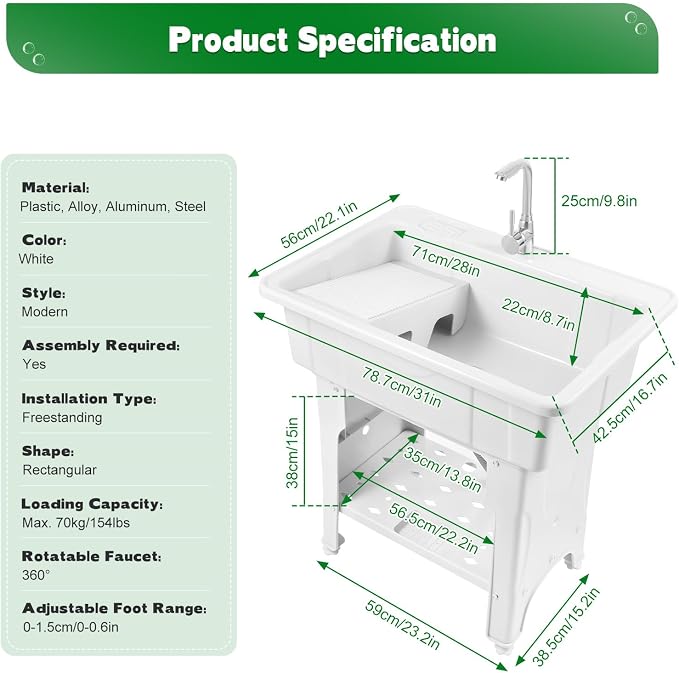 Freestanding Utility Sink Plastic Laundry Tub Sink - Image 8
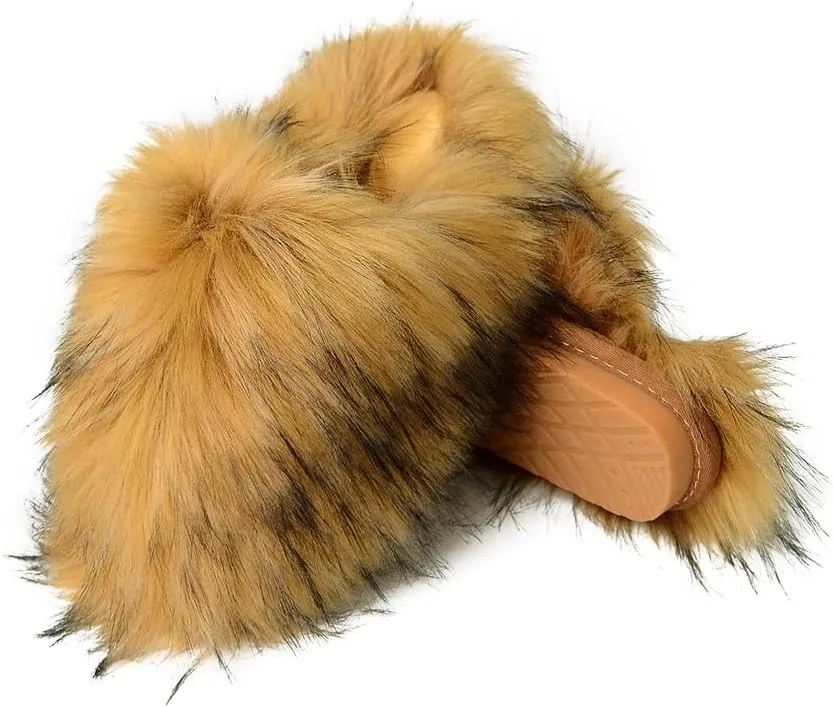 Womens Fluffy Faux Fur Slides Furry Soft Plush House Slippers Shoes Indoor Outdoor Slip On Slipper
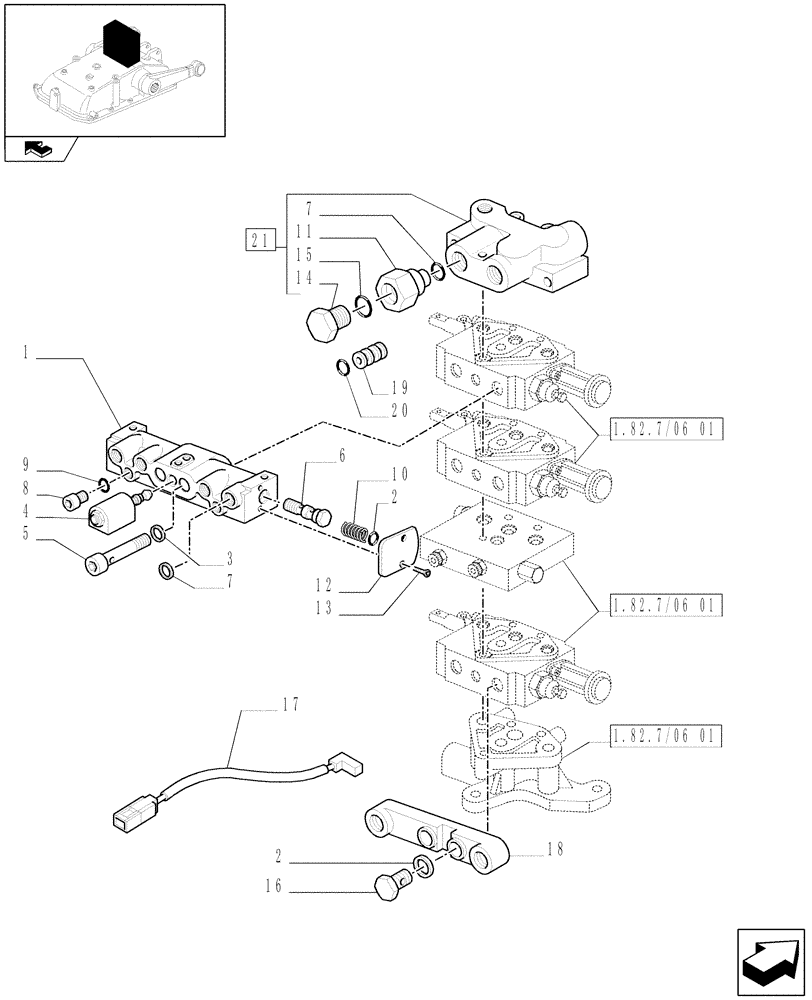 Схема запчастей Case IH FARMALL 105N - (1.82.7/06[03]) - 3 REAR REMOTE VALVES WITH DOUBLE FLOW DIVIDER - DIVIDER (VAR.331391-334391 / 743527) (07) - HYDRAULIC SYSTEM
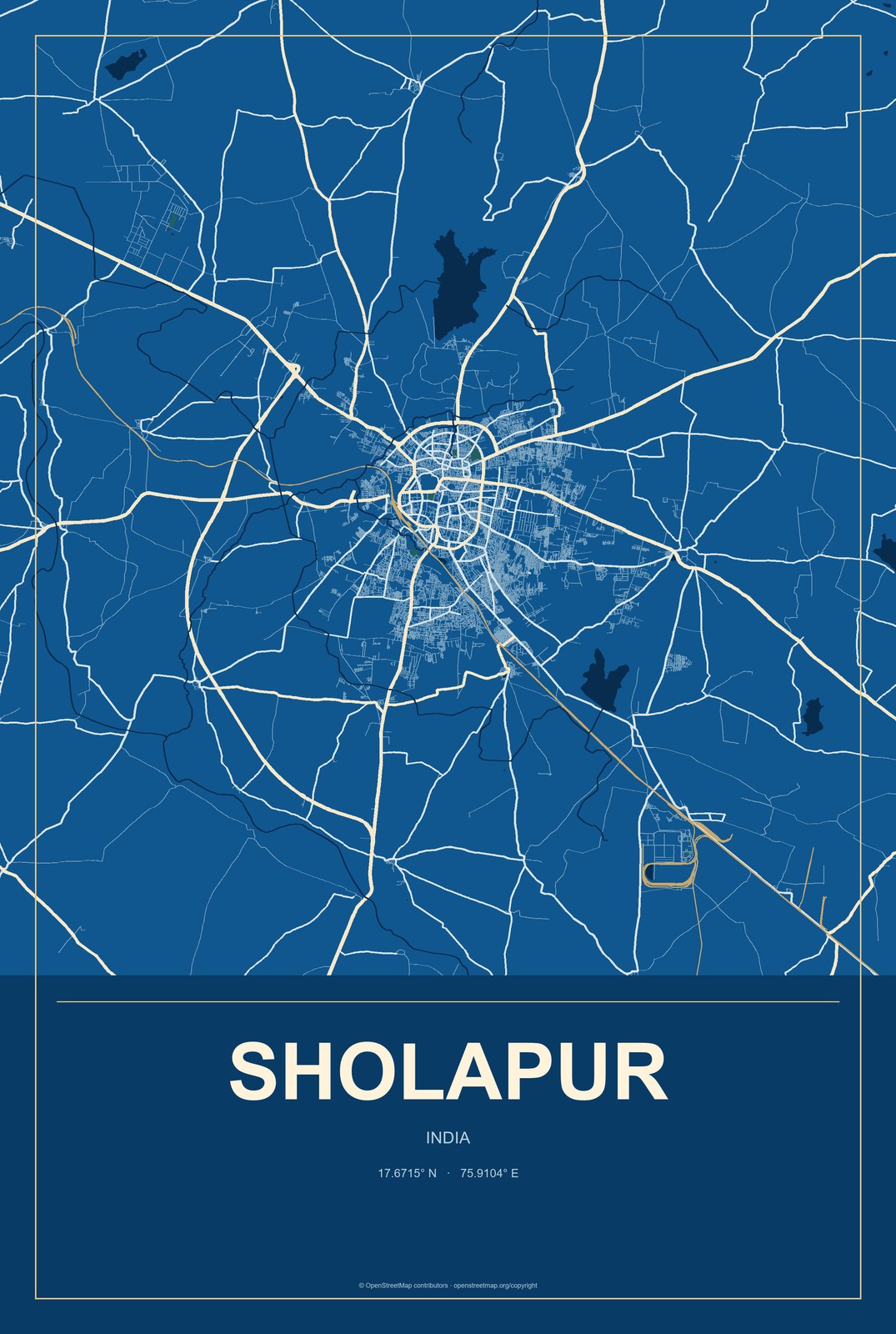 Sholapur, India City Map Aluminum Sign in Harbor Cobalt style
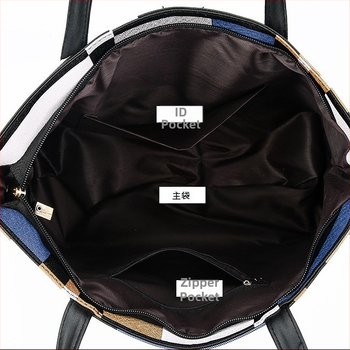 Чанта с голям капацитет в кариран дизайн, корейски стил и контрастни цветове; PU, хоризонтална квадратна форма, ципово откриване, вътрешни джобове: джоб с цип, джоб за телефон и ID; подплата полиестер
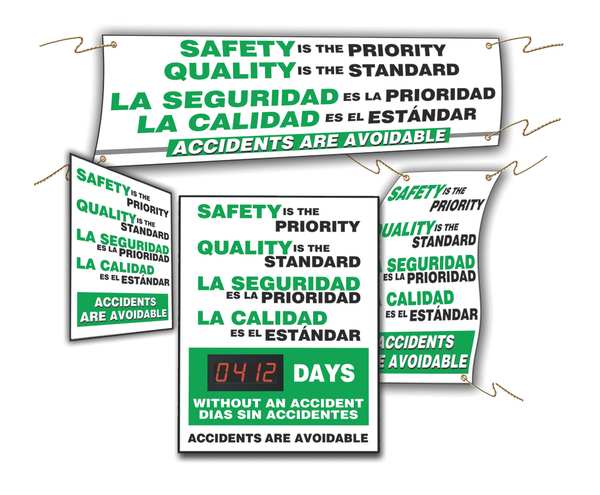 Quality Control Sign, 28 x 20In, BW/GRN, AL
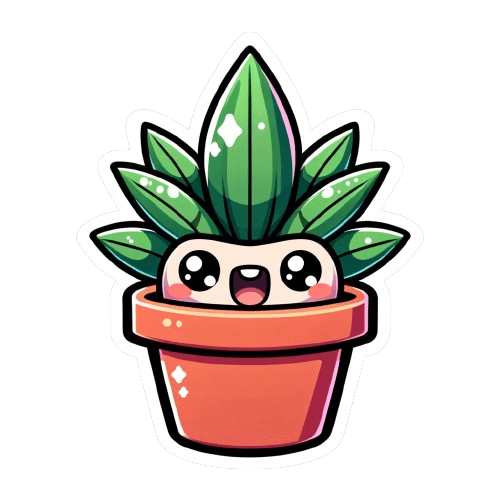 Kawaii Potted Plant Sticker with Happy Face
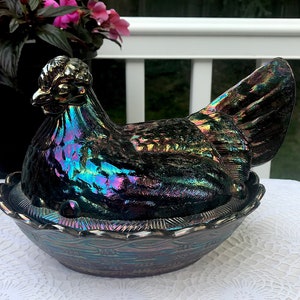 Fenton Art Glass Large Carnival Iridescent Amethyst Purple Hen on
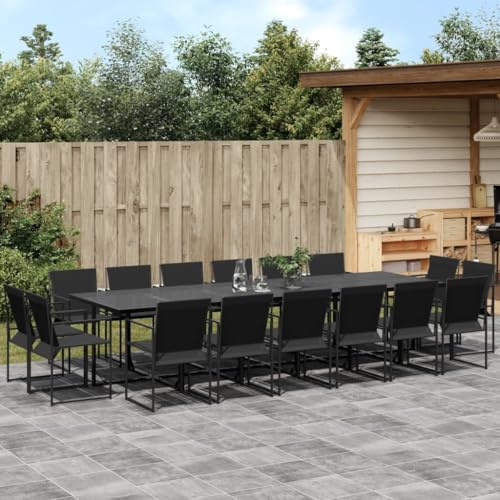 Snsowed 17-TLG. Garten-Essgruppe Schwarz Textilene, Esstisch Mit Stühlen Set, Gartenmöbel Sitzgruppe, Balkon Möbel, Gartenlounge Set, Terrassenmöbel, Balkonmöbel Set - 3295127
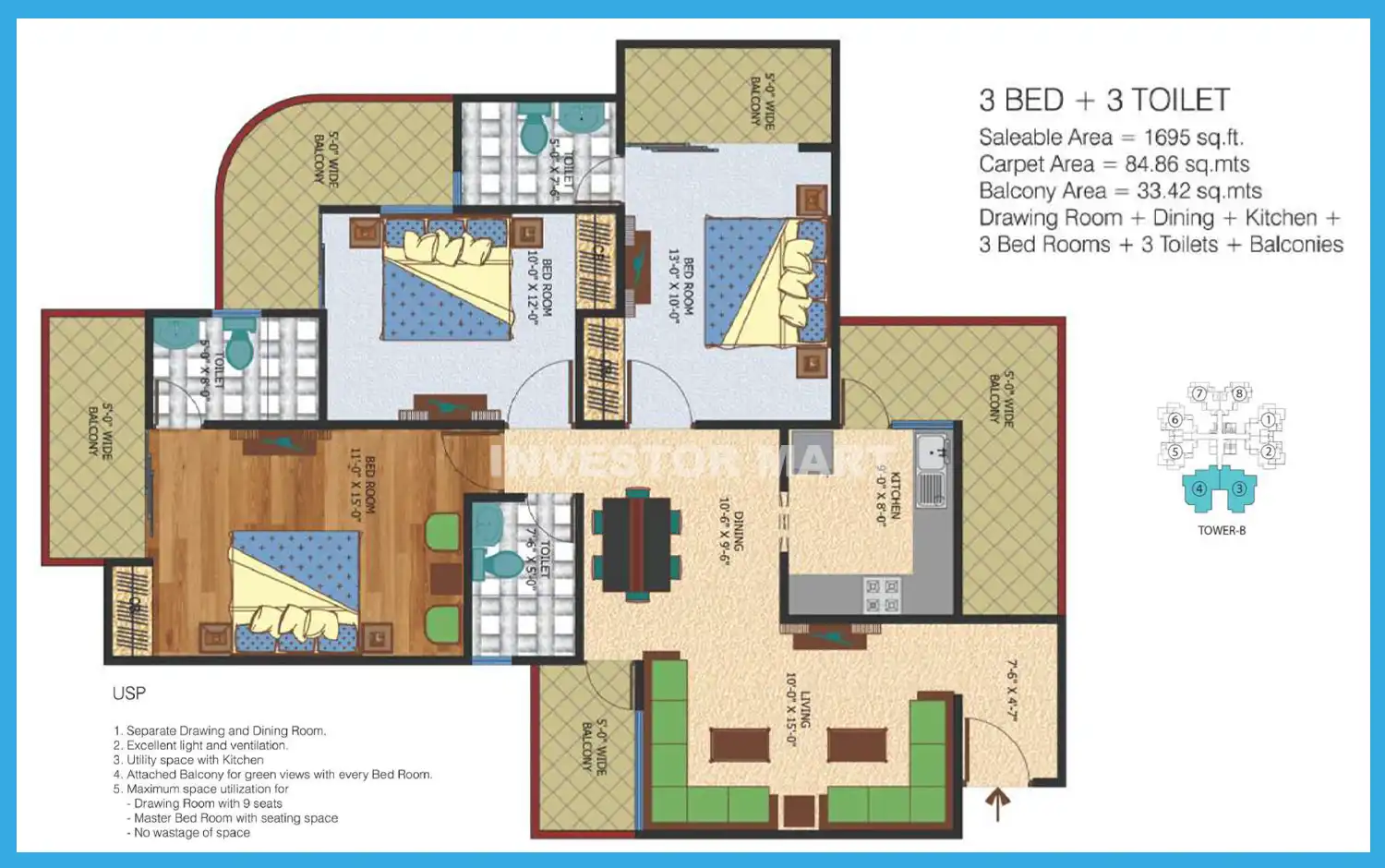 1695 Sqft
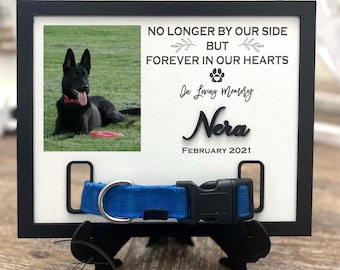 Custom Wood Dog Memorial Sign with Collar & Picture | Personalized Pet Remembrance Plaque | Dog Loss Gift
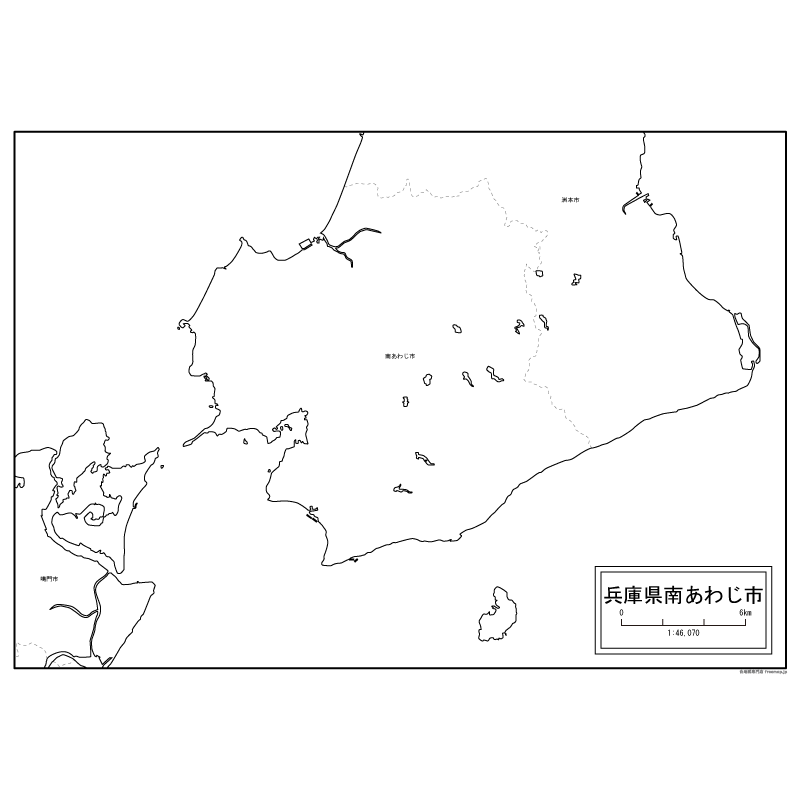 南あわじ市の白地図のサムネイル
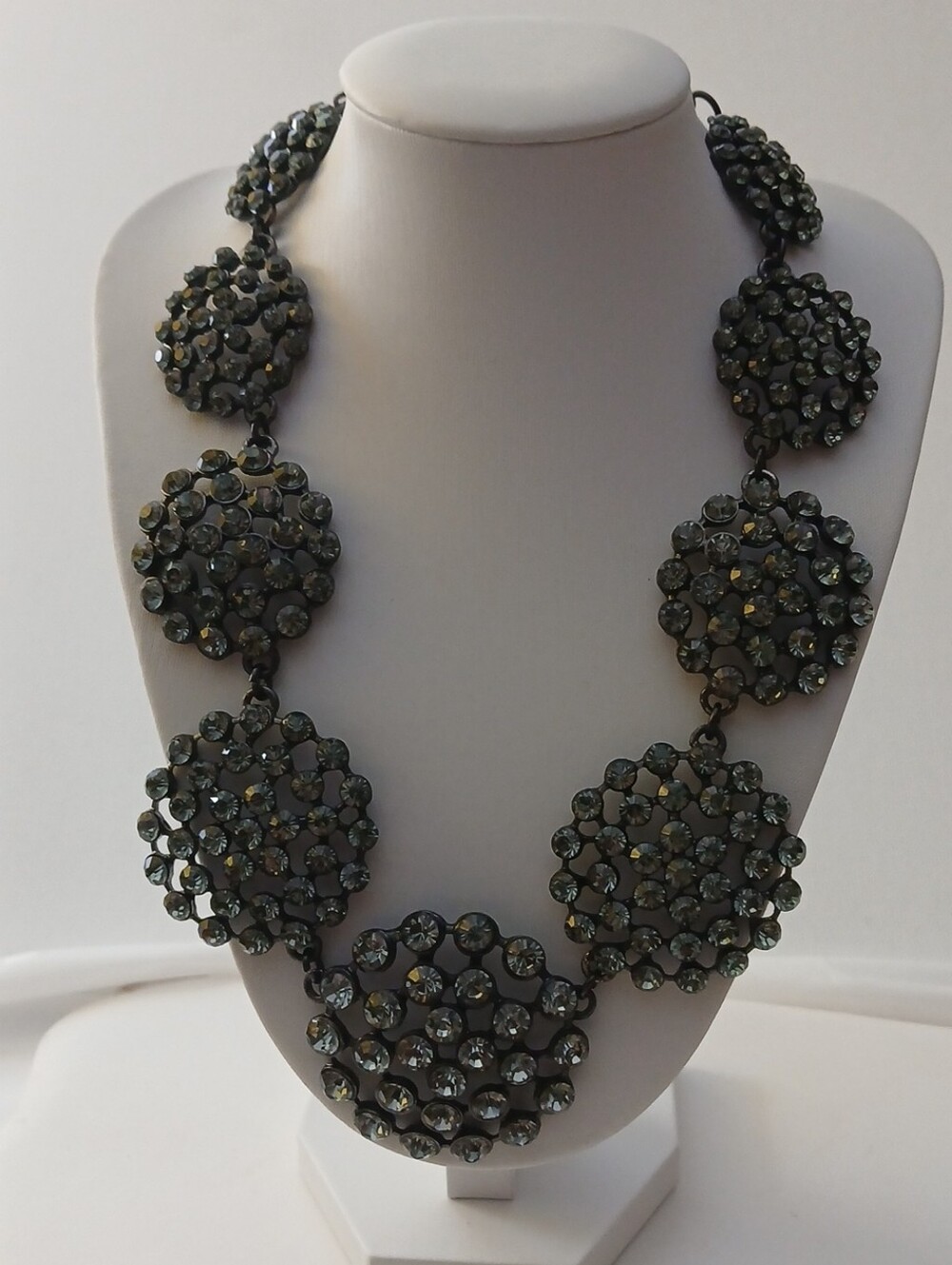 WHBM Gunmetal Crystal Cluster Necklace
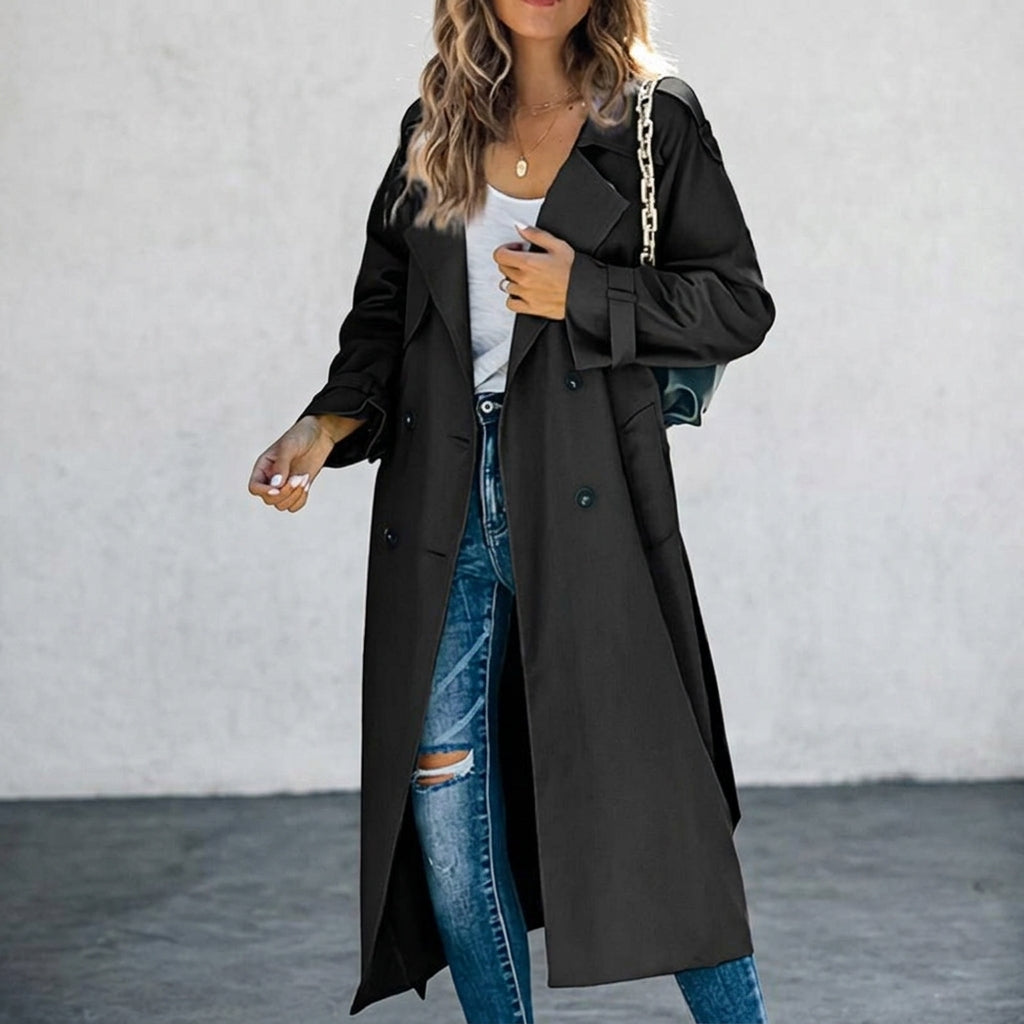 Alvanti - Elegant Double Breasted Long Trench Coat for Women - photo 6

WHAT IS EXPECTED —
The entries above must be restated exactly in the answer, and the pictures left out.

EXERCISE RESPONSE —
 Freestanding Utility Sink Plastic Laundry Tub Sink - Image 8
 Womens Fluffy Faux Fur Slides Furry Soft Plush House Slippers Shoes Indoor Outdoor Slip On Slipper
 Схема запчастей Case IH FARMALL 105N - (1.82.7/06[03]) - 3 REAR REMOTE VALVES WITH DOUBLE FLOW DIVIDER - DIVIDER (VAR.331391-334391 / 743527) (07) - HYDRAULIC SYSTEM
 Sholapur, India City Map Aluminum Sign in Harbor Cobalt style
 Чанта с голям капацитет в кариран дизайн, корейски стил и контрастни цветове; PU, хоризонтална квадратна форма, ципово откриване, вътрешни джобове: джоб с цип, джоб за телефон и ID; подплата полиестер
 Quality Control Sign, 28 x 20In, BW/GRN, AL
 Kawaii Potted Plant Sticker with Happy Face
 Fenton Art Glass Large Carnival Iridescent Amethyst Purple Hen on
 Snsowed 17-TLG. Garten-Essgruppe Schwarz Textilene, Esstisch Mit Stühlen Set, Gartenmöbel Sitzgruppe, Balkon Möbel, Gartenlounge Set, Terrassenmöbel, Balkonmöbel Set - 3295127
 1695 Sqft
 Custom Wood Dog Memorial Sign with Collar & Picture | Personalized Pet Remembrance Plaque | Dog Loss Gift
 南あわじ市の白地図のサムネイル
 WHBM Gunmetal Crystal Cluster Necklace
 Alvanti - Elegant Double Breasted Long Trench Coat for Women - photo 6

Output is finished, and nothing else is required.